In [8]:
import pandas as pd
import re
from nltk.corpus import stopwords
from nltk.tokenize import word_tokenize
import nltk
nltk.download('punkt')
nltk.download('stopwords')
import os

# Download NLTK resources
nltk.download('punkt')
nltk.download('stopwords')
nltk.download('punkt_tab')

def clean_text(text):
    """Clean review text"""
    if not isinstance(text, str):
        return ""
    
    # Remove special characters and numbers
    text = re.sub(r'[^a-zA-Z\s]', '', text)
    
    # Convert to lowercase
    text = text.lower()
    
    # Tokenize and remove stopwords
    tokens = word_tokenize(text)
    stop_words = set(stopwords.words('english'))
    tokens = [word for word in tokens if word not in stop_words]
    
    return ' '.join(tokens)

def preprocess_data(input_file, output_file):
    """Preprocess the scraped data"""
    # Create data directory if not exists
    os.makedirs('data', exist_ok=True)
    
    # Load data
    df = pd.read_csv(r"D:\Project\banking-app-reviews-analysis\data\bank_reviews_raw.csv")
    
    # Clean review text
    df['cleaned_review'] = df['review'].apply(clean_text)
    
    # Ensure proper date format
    df['date'] = pd.to_datetime(df['date']).dt.strftime('%Y-%m-%d')
    
    # Save cleaned data
    df.to_csv(output_file, index=False)
    print(f"Preprocessed data saved to {output_file}")

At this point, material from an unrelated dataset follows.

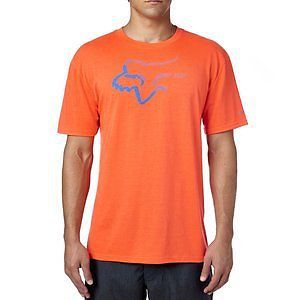 Fox racing accelerated mens short sleeve tech t-shirt flo orange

if __name__ == "__main__":
    preprocess_data(
        input_file='data/bank_reviews_raw.csv',
        output_file='data/bank_reviews_clean.csv'
    )

[nltk_data] Downloading package punkt to
[nltk_data]     C:\Users\Administrator\AppData\Roaming\nltk_data...
[nltk_data]   Package punkt is already up-to-date!
[nltk_data] Downloading package stopwords to
[nltk_data]     C:\Users\Administrator\AppData\Roaming\nltk_data...
[nltk_data]   Package stopwords is already up-to-date!
[nltk_data] Downloading package punkt to
[nltk_data]     C:\Users\Administrator\AppData\Roaming\nltk_data...
[nltk_data]   Package punkt is already up-to-date!
[nltk_data] Downloading package stopwords to
[nltk_data]     C:\Users\Administrator\AppData\Roaming\nltk_data...
[nltk_data]   Package stopwords is already up-to-date!
[nltk_data] Downloading package punkt_tab to
[nltk_data]     C:\Users\Administrator\AppData\Roaming\nltk_data...
[nltk_data]   Package punkt_tab is already up-to-date!

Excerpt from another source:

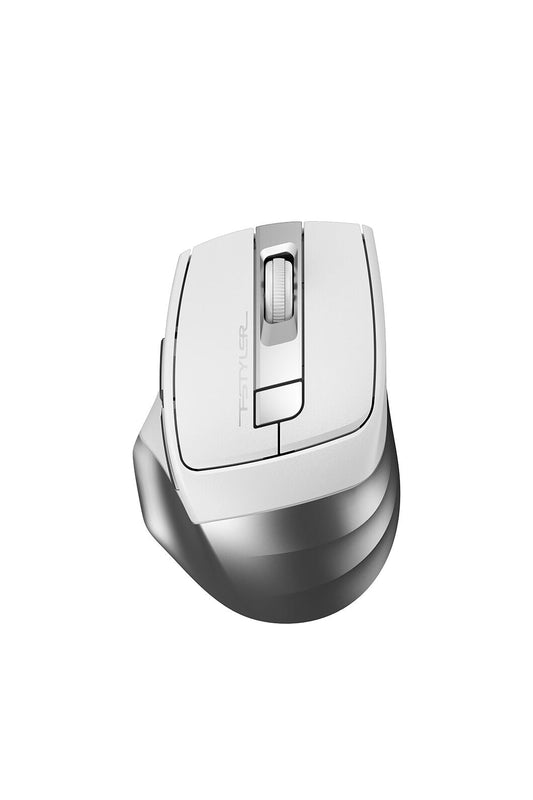 A4Tech - A4Tech FG35S Silver Full-Size Silent Wireless Optical Mouse - silver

Preprocessed data saved to data/bank_reviews_clean.csv


In [11]:
import pandas as pd

# Load your dataset
df = pd.read_csv(r"D:\Project\banking-app-reviews-analysis\data\bank_reviews_raw.csv")
# Calculate total number of rows
total_rows = len(df)

# Calculate missing values per column
missing_counts = df.isnull().sum()

# Calculate missing percentages
missing_percentages = (missing_counts / total_rows) * 100

# Print missing percentages
print("Missing data (%):")
print(missing_percentages)

# Identify columns exceeding 5% missing
above_5_percent = missing_percentages[missing_percentages > 5]

if not above_5_percent.empty:
    print("\n❌ Columns with more than 5% missing data:")
    print(above_5_percent)
else:
    print("\n✅ All columns have 5% or less missing data.")


Missing data (%):
review    0.0
rating    0.0
date      0.0
bank      0.0
source    0.0
dtype: float64

✅ All columns have 5% or less missing data.